At Least 7 Die in Jerusalem Blast

ByABC News
June 19, 2002, 4:52 AM

June 19 -- A Palestinian suicide bomber blew himself up at a bus station in Jerusalem today, killing at least six bystanders just hours after the Israeli government, in a major policy shift, said it would seize and hold Palestinian lands until the "terror attacks stop."

Jerusalem Police Chief Mickey Levy said a man came out of a car and rushed toward a crowd of people gathered at a bus station in the French Hill neighborhood in northeastern Jerusalem. He was pursued by a security officer who failed to catch up with him. The man blew himself up near the bus station.

Police and rescue workers said that besides the seven deaths, including that of the bomber, about 35 people were injured in the blast.

A few hours after the attack, Israeli helicopter gunships fired at least three missiles into Gaza City. The army said the helicopters hit a couple of metal factories used for manufacturing weapons, and then left.

And Palestinian sources told ABCNEWS that Israeli tanks and troops swept into the West Bank city of Ramallah after the latest suicide bombing and arrested a suspected militant before withdrawing from the city.

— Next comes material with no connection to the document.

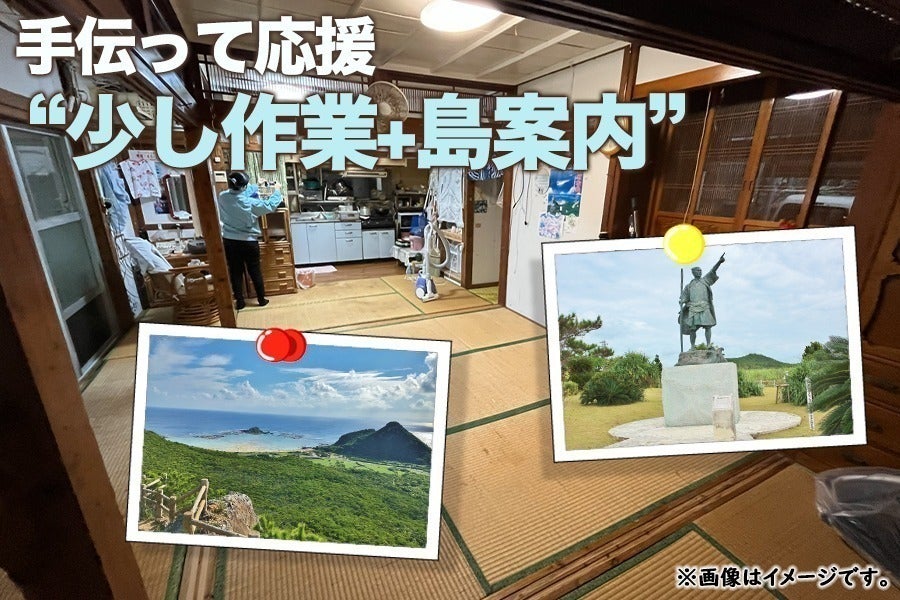 リターン画像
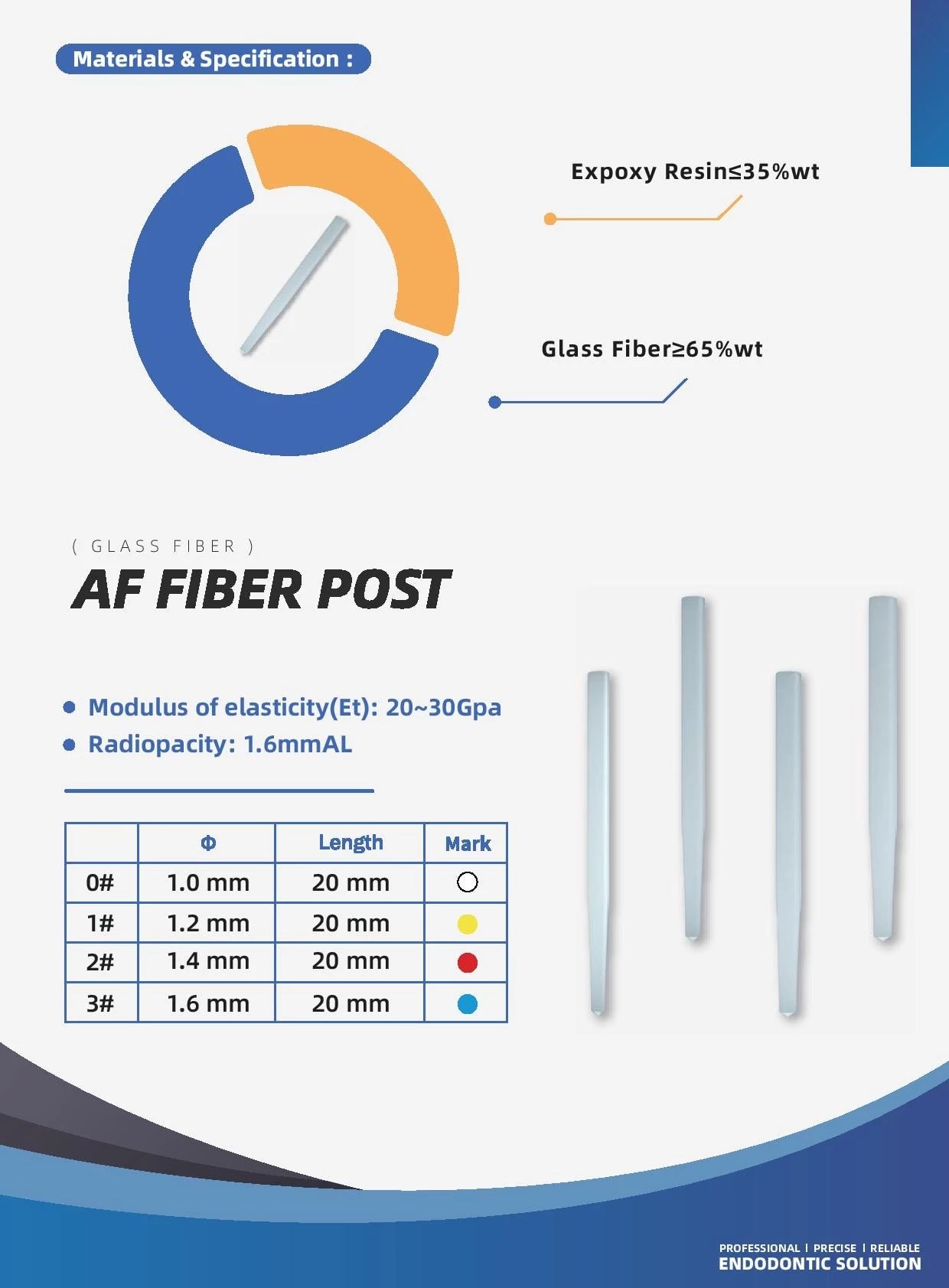 Fanta AF Fiber post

The Al Aqsa Martyrs Brigade, a militant group with ties to Palestinian leader Yasser Arafat's Fatah organization, claimed responsibility for today's suicide attack, according to a report by al Manar, the Lebanon-based Hezbollah television station.

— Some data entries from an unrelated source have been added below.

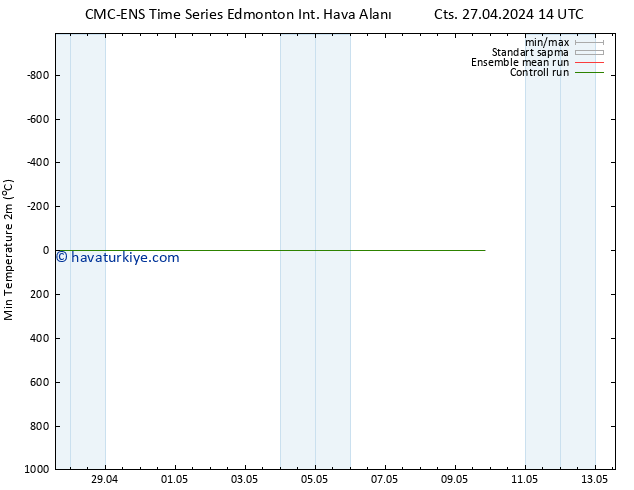 Minumum Değer (2m) CMC TS Cts 27.04.2024 20 UTC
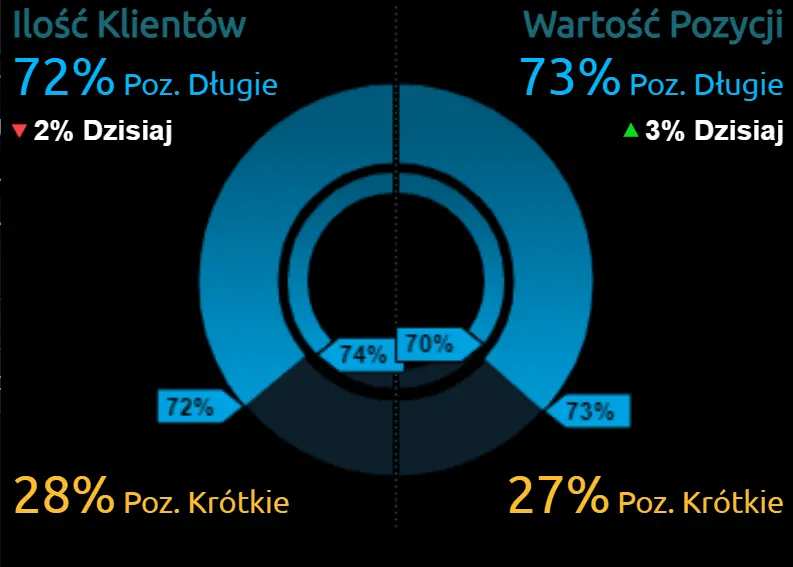 Czyżby ostatni dzień września nie chciał być łaskawy dla kursów głównych walut? Co dalej z dolarem (USD), euro (EUR) i funtem (GBP)? - 2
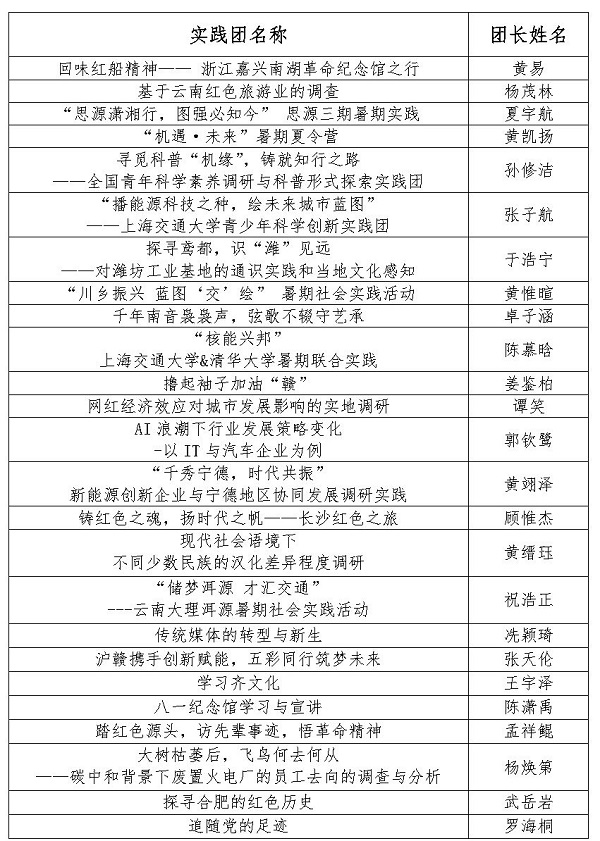 【新闻稿】j9九游会官方网页版2023年暑期社会实践立项答辩顺利召开_Page2.jpg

At the bus station in French Hill today, witnesses said the explosion blew out the bus shelter, and body parts and pieces of clothing were scattered around the site, which was at a busy junction frequented by Israeli soldiers and settlers.

According to Levy, the suicide bomber was driven to the site in a red Audi, which immediately drove away. Jerusalem police have launched a manhunt for the driver.

The explosion came a day after a Palestinian suicide bombing attack on a crowded Jerusalem bus killed 19 people, including several high-school students, in the city's worst attack in six years.